RMolania / TCGA_PanCancer_UnwantedVariation

45 stars 15 forks source link

Incomplete TCGA Cancer Subtypes #2

Open DarioS opened 2 years ago

DarioS commented 2 years ago

At present, TCGA Pan Cancer Datasets supports Cancer Biology for only four Cancer types. These four cancer type (TCGA datasets) are Breast Cancer (BRCA), Lung Cancer (LUAD), Colon Cancer (COAD) and Rectum Cancer (READ). This implies that RUV-III analysis can only be performed for these four cancer types. This is because the RUV-III approach here requires at least one roughly known biologically homogeneous subclass of samples shared across sources of unwanted variation.

I notice that there are more TCGA projects which have subtype information. For example, from Genomic Classification of Cutaneous Melanoma, Cell, 2015 has

BRAF Subtype The largest genomic subtype is defined by the presence of BRAF hot-spot mutations. RAS Subtype The second major subtype is defined by the presence of RAS hot-spot mutations, including known amino acid changes with functional consequences, in all three RAS family members (N-, K- and H-RAS). NF1 Subtype The third most frequently observed SMG in the MAPK pathway was NF1, which was mutated in 14% of samples. Triple Wild-Type Subtype We defined the Triple-WT subtype (n = 46) as a heterogeneous subgroup characterized by a lack of hot-spot BRAF, N/H/K-RAS, or NF1 mutations.

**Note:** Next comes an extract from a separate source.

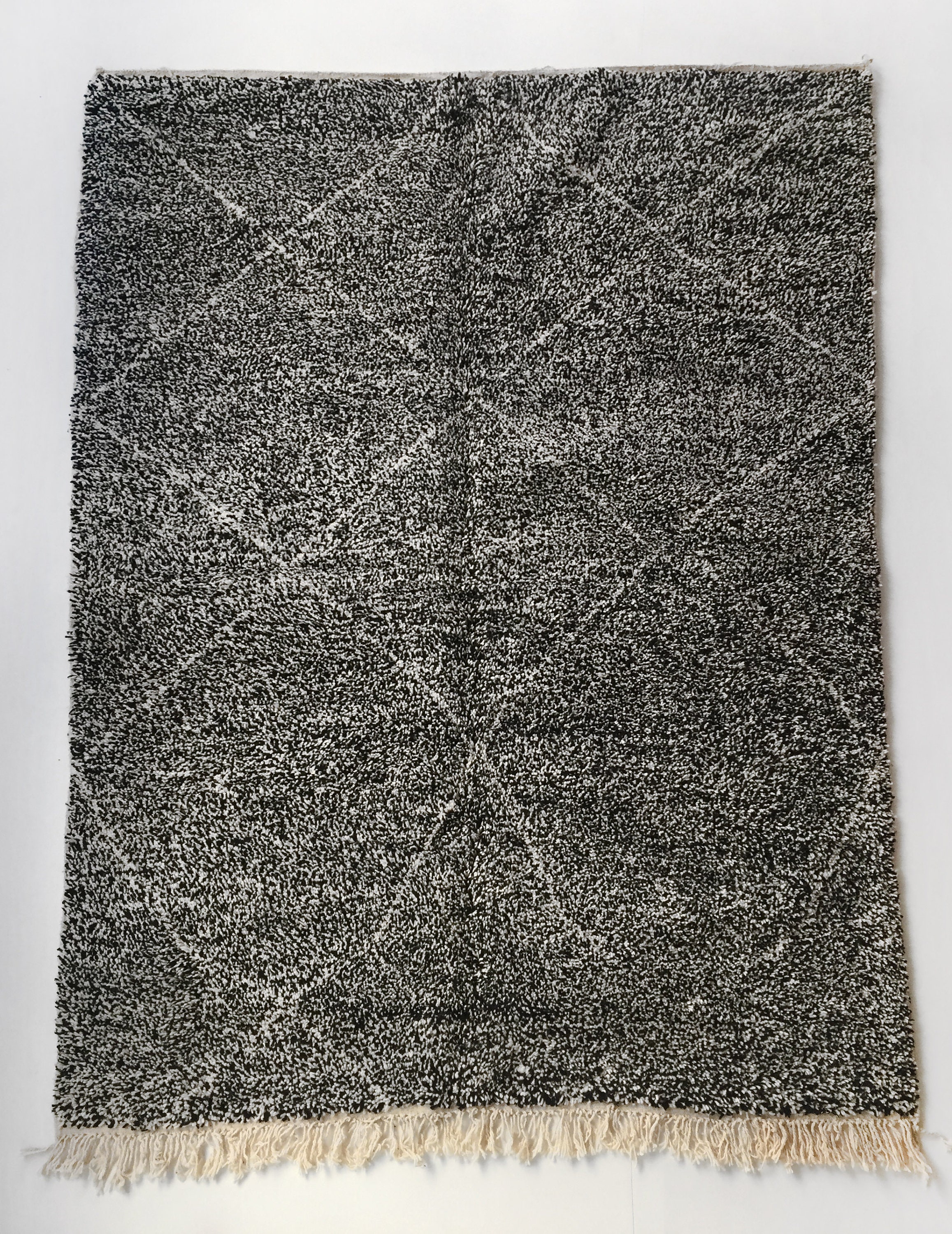 Tapis Berbère Beni Ouarain Noir et Écru Chiné à Losanges 276x206cm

and this is reflected in Biocondctor's curatedTCGAData package.

library(curatedTCGAData)
cutaneousMelanoma <- curatedTCGAData("SKCM", "Mutation", "2.0.1", FALSE)
head(colData(cutaneousMelanoma)[, c("patientID", "MUTATIONSUBTYPES")])
DataFrame with 6 rows and 2 columns
                patientID     MUTATIONSUBTYPES
              <character>          <character>
TCGA-BF-A1PU TCGA-BF-A1PU BRAF_Hotspot_Mutants
TCGA-BF-A1PV TCGA-BF-A1PV  RAS_Hotspot_Mutants
TCGA-BF-A1PX TCGA-BF-A1PX BRAF_Hotspot_Mutants
TCGA-BF-A1PZ TCGA-BF-A1PZ  RAS_Hotspot_Mutants
TCGA-BF-A1Q0 TCGA-BF-A1Q0            Triple_WT
TCGA-BF-A3DJ TCGA-BF-A3DJ BRAF_Hotspot_Mutants

Could the preprocessed data provided be more comprehensive or is there something special that I am overlooking which means that a data set such as melanoma can't actually be processed using the PRPS method?

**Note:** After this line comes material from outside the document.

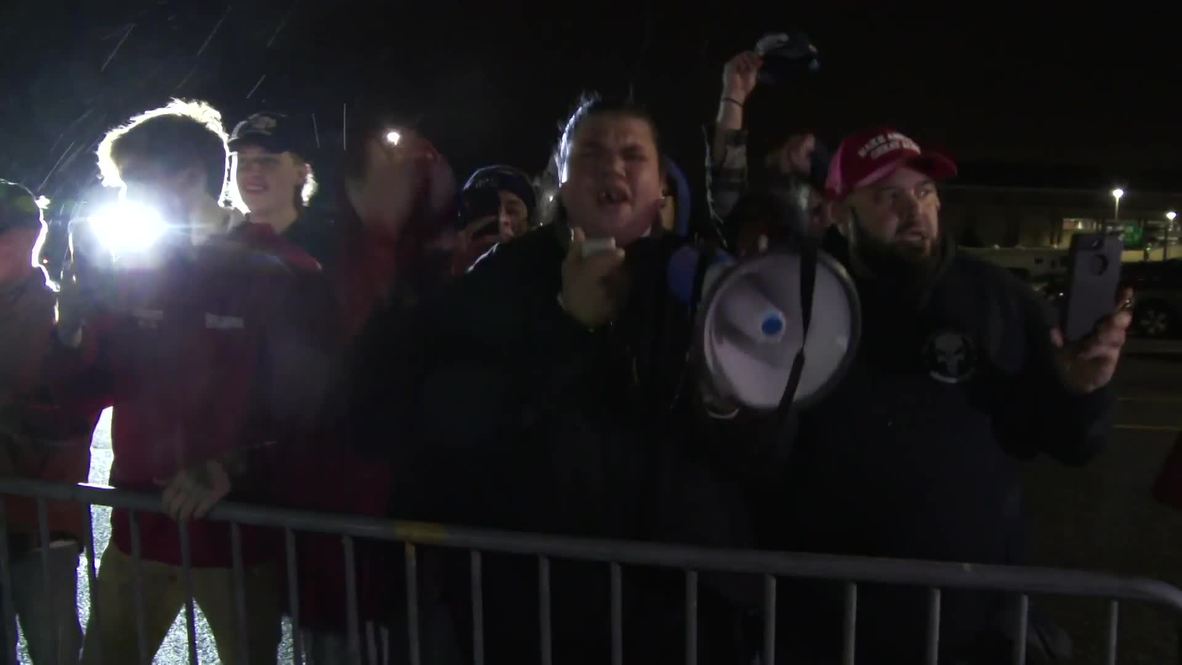 USA: Protesters and Trump supporters face off at Trump rally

RMolania commented 2 years ago

Hi Dario, Thanks for your questions. To answer your question regarding the Pan Cancer RNA-seq datasets:I have created SummarizedExperimentall objects for all the TCGA RNA-seq studies including SKCM. I have collected many possible sample annotations and batch details for each cancer type which can help TCGA users to better understand the data, particularly different sources of unwanted variation. However, that was almost impossible to accurately identify "gene expression based" subtypes for all cancer types as this requires careful analysis and prior knowledge about each cancer type. We are currently working on some other TCGA cancer types including SKCM to find major biological subtypes in oder to be able to use RUV-III-PRPS.
For all TCGA BRCA, LUAD, COAD and READ RNA-seq studies, we either found the cancer subtypes by ourself or contacted TCGA research network to provide us those details.